SQL Server AlwaysOn Availability Groups Monitoring and Alerting - Part 2

By:   |   Updated: 2018-12-03   |   Comments (7)   |   Related: > Availability Groups


Problem

In the part 1 of this tip series, I showed you how to build the inventory of replicas that form an Availability Group. However, that’s just half of the picture, because you must be able to check the status of the databases within Availability Groups and this has to be a constant check to make sure the databases are “available”.

Solution

I will be presenting a script that gathers basic, but very useful information for each Availability Group database.
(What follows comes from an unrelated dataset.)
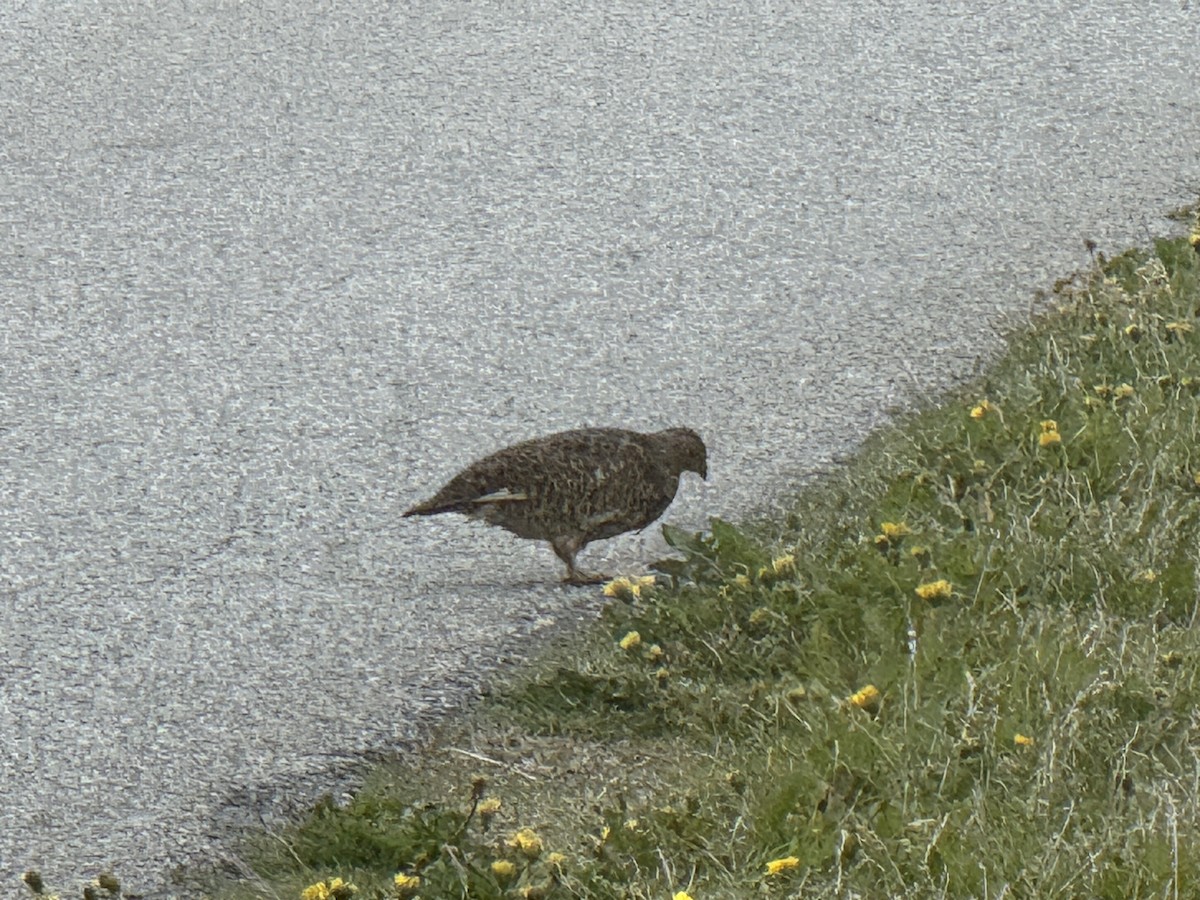 Rock Ptarmigan - ML637515075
This information will be obtained from the performance counter objects and with PowerShell we are going to be able to gather this information from all the availability databases from the replicas inventory you already have.

SQL Server Availability Groups Monitoring Script

The Availability Groups inventory is built first, because that way you can run this second script against a smaller subset of SQL Server instances. You can probably do it within one run, but that wouldn’t be as efficient.

Also, there are some performance counter objects that must be obtained from the primary replica and others from the secondary ones.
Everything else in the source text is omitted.